Element wise multiplication of lower triangular matrices

I’m confused by how the element wise multiplication of lower triangular matrices is not faster than the element wise multiplication of the completely full matrices. This behavior is shown in the following MWE

using LinearAlgebra, BenchmarkTools

A = rand(ComplexF64, 1000, 1000); 
B = rand(ComplexF64, 1000, 1000);

function f(A, B)
	UnitLowerTriangular(A) .* UnitLowerTriangular(B)
end

function f2(A, B)
	return A .* B
end 

The benchmark of the two functions give

@btime f(A, B)
 4.017 ms (2 allocations: 15.26 MiB)
@btime f2(A, B)
3.719 ms (2 allocations: 15.26 MiB)

The number of operations in the lower triangular matrices should be close to half of that in the complete matrices; so I’d think it should take half the time?

1 Like

The problem is that for most operations involving symmetric or triangular matrices, yes you can get a 2x speedup by only doing half the operations, but it would come at the cost of losing the typically ~8x speedup you can get from SIMD.

For this reason, triangular and symmetric matrices are typically actually stored just like regular matrices, but the lower or upper triangle are treated as ‘junk’ bits which are ignored.

So if we used denser linear storage yes we could get 2x faster element-wise multiplication, but things like matrix-multiplication would suffer immensely.

1 Like

Thanks @Mason for your insight. Actually the reason I’m asking this question is because I’m doing an element wise multiplication of two Hermitian matrices and since the answer will be another Hermitian matrix so I was hoping I could save almost half the time this way.

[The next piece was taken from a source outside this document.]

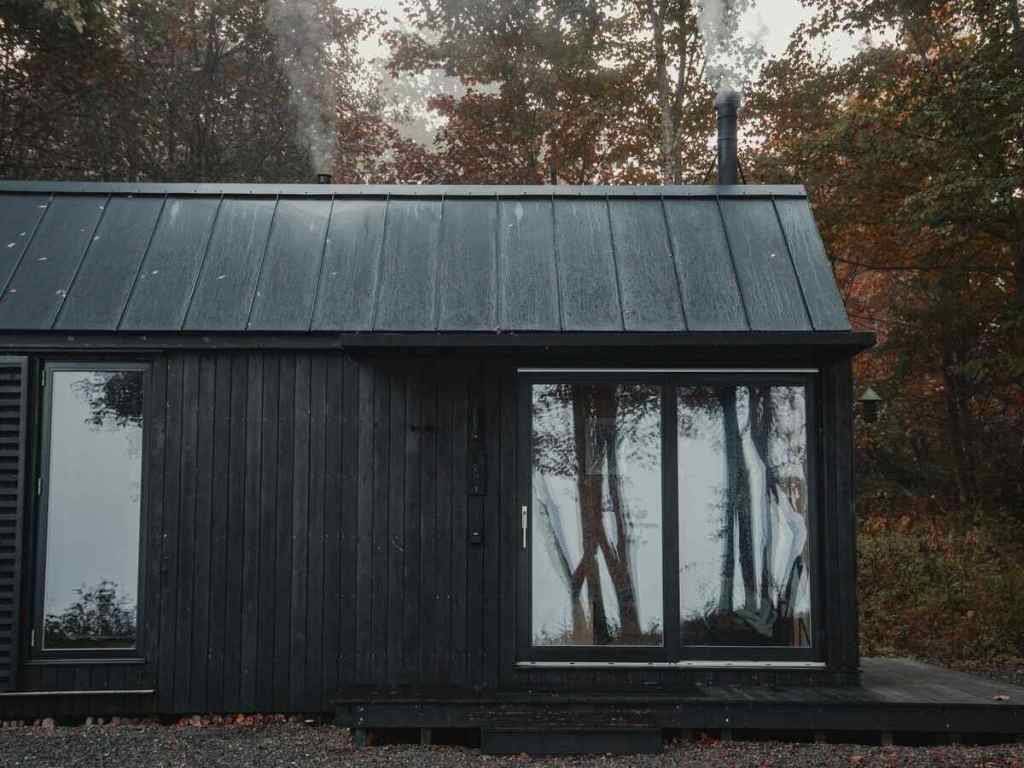 A wooden house with large windows.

I’m still not really clear on why this speed up can’t be done.

Maybe one could build a data structure with both representations.
One will be used for matrix operations while the other for element wise operations.

There’s no reason you can’t have it both ways, at least if you help the simd manually. I presume there’s a challenge getting it to happen automatically, though.

1 Like

I think @Mason meant the loading of the data is not from a contiguous memory.
Hence the performance benefit is much lower as you need to do multiple non SIMD loads into a vector and then do the SIMD processing (Multiplication).

1 Like

I think the point is that matrix multiplication is one of the most highly optimized operations in any custom BLAS suite. At a minimum Julia uses OpenBlas but there are other options such as MKL for Intel processors and AppleAccelerate for Apple M-series processors. A lot of effort went into those implementations by people at the respective companies working closely with the hardware folks. Reproducing such intensely optimized code for triangular or Hermitian matrices would be a huge undertaking.

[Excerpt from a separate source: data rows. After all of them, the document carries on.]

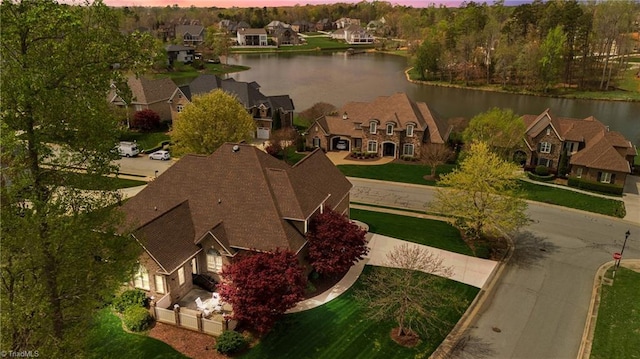 birds eye view of property featuring a residential view and a water view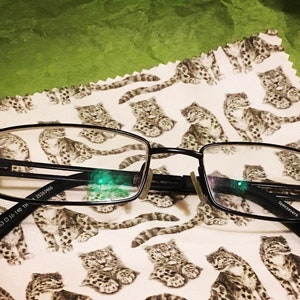 May include: Black rectangular eyeglasses with a silver accent on the bridge of the nose. The glasses are lying on a white fabric with a repeating pattern of brown and white snow leopards.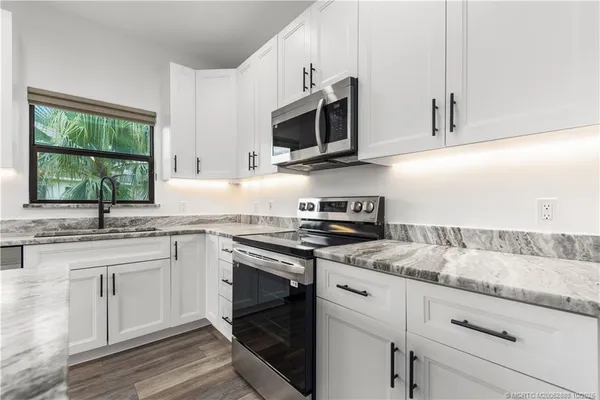 a kitchen with stainless steel appliances granite countertop a sink and a stove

There is the RectangularFullPacked package available. It uses a reduced-size representation of triangular or Hermitian matrices that doesn’t lose too much performance relative to having a full size square array as a backing store.

2 Likes

You can do all simd loads and process everything with simd. You must just accept that not each load will be contiguous with the previous one, and that there will be a slight redundancy in how much data you must process.

This particular case was elementwise multiplication, though, not matrix product.

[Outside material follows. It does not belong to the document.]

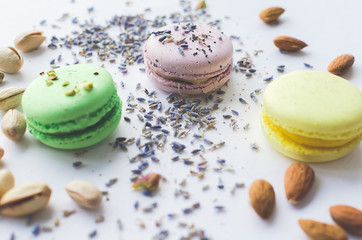 yellow, green and purple macaron cakes or macaroon on white background, sweet and colorful dessert, above, almond cookies, pastel color, vintage card, lavender, pistachios and almond on the background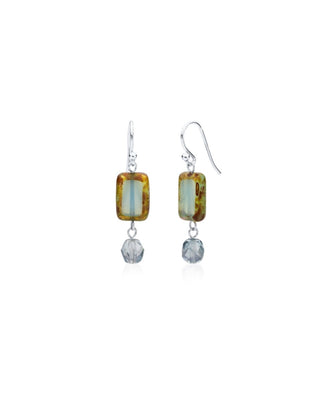 Cloudy blue glass and crystal sterling silver earrings on white background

I never meant that if was impossible to get this 2x speedup for triangular structures (in fact, I did say that it was possible for element wise stuff). My point was just that the algorithms and data structures are all designed in a format that makes getting this last 2x kinda inconvenient and awkward.

Someone could definitely do it, it’s just that elementwise operations arent really something people typically care enough about to optimize that hard.

1 Like

You’re right. This is what happens when I reply to messages before coffee.

2 Likes

It is not only contiguous, it will be not aligned.
Unless you do indices tricks in the loop which then means you will need to do everything in hand as the compiler will see it as data dependency.
So probably you have to create a different data structure optimized for this.
Which will cause issues in the cases of element wise multiplication with other structures and other operations.

1 Like

Not sure what you mean. If the array is aligned and you have regular numbers (e.g. 32 or 64-bit) you can start your load at any arbitrary position in the array, except you must be careful near the end (I’ve been spending the past few weeks jumping around arrays with avx loads exactly like that).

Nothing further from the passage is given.